In a statement put out by House Judiciary Committee chairman Rep. Jerrold Nadler (D-NY) on Monday, a group of Democratic lawmakers, joined by Republican Sen. Susan Collins (R-ME), announced they were introducing the Respect for Marriage Act. According to the lawmakers, the bill “would repeal the Defense of Marriage Act (DOMA), enshrine marriage equality for the purposes of federal law, and provide additional legal protections for marriage equality.”
“Three weeks ago, a conservative majority on the Supreme Court not only repealed Roe v Wade and walked back 50 years of precedent, it signaled that other rights, like the right to same-sex marriage, are next on the chopping block,” Nadler said in the release. “As this Court may take aim at other fundamental rights, we cannot sit idly by as the hard-earned gains of the Equality movement are systematically eroded.”
In addition to repealing DOMA, which explicitly allowed states to refuse to recognize same-gender marriages, the Respect for Marriage Act would make it federal law that an individual would be considered married if the marriage was valid in the state where it was performed, and protect the “full faith and credit” of their marriage, as well as provide both them and the US Attorney General with avenues for action against such infractions.
House Majority Leader Steny Hoyer (D-MD) said on Monday that the bill was slated for a floor vote in the majority-Democrat chamber before the end of the week.
Same-gender marriage was legalized nationwide in 2015 after the Supreme Court ruled 5-4 in Obergefell vs. Hopkins that denying someone the right to marry a person of the same gender as them violated their right to equal protection under the law provided by the Fourteenth Amendment.

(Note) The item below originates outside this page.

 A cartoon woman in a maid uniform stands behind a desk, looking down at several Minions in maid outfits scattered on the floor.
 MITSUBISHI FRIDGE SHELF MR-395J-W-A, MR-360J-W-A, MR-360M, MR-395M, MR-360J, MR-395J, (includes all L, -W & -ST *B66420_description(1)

However, when the high court issued its decision in Dobbs vs. Jackson last month and overturned Roe vs. Wade, a 1973 decision that legalized abortion nationwide, it signaled that several other cases could also soon be on the chopping block, including Obergefell and other decisions that established the right to privacy, to contraception, and to sex with someone of the same gender.

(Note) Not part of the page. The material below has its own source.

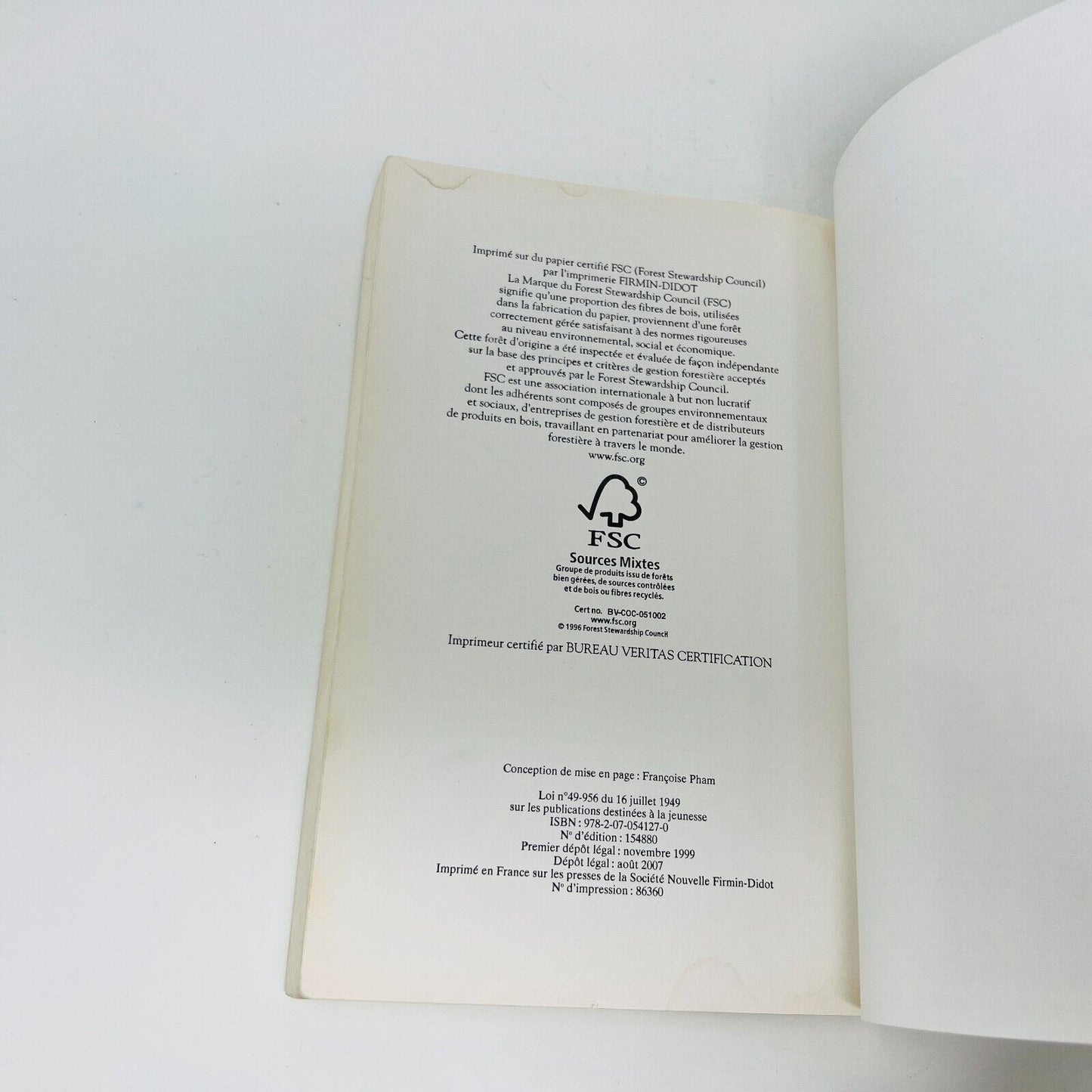 2007 Harry Potter à L'École des Sorciers Gallimard Grand Format Français Rowling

When it comes to both abortion and same-gender marriage, many US states kept laws on the books banning them even after the Supreme Court ruled them unconstitutional. When Roe was overturned last month, those laws reactivated, immediately banning abortions in numerous US states.

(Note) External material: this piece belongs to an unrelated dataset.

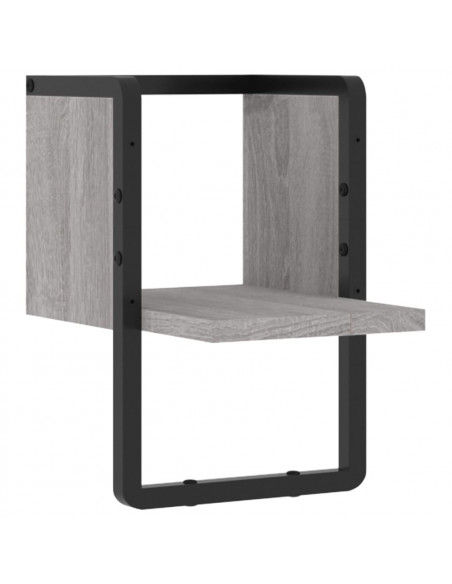Mensola a Parete con Asta Grigio Sonoma 20x25x30 cm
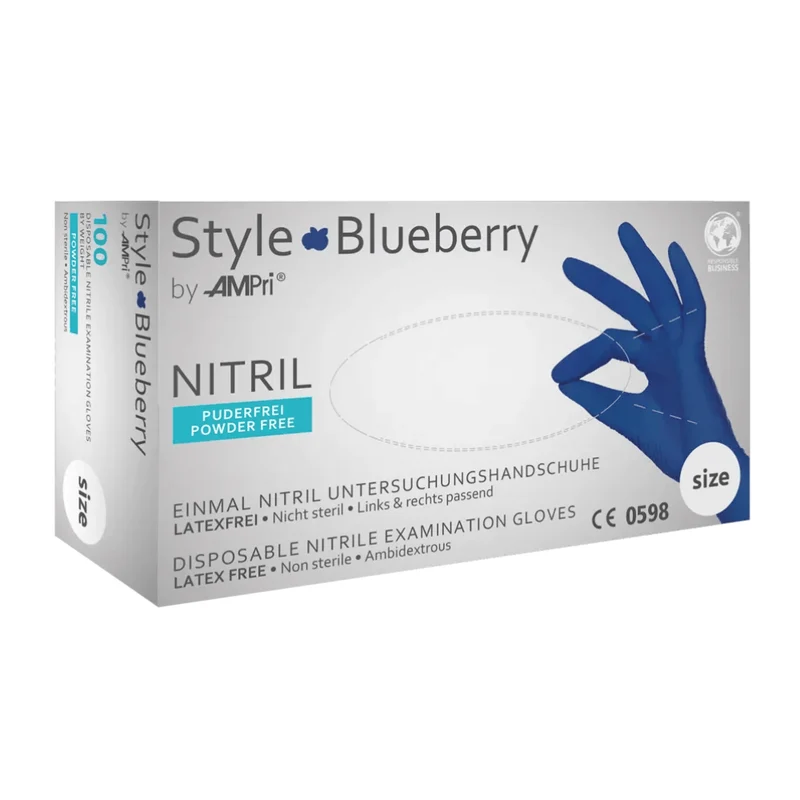 AMPri STYLE BLUEBERRY Nitrilhandschuhe puderfrei by MED-COMFORT, Dunkelblau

Prior to the Obergefell ruling, 36 states and the District of Columbia recognized and allowed same-gender marriages.
Another effort to protect LGBTQ rights, the Equality Act, has stalled in the Senate amid Republican intransigence and an unwillingness by the Democrats to remove the filibuster rule allowing a minority of senators to block any potential vote on a bill. The act would ban discrimination against LGBTQ people across a wide swath of US public life, including in employment and access to public facilities, by adding gender identity and sexuality to the 1964 Civil Rights Act.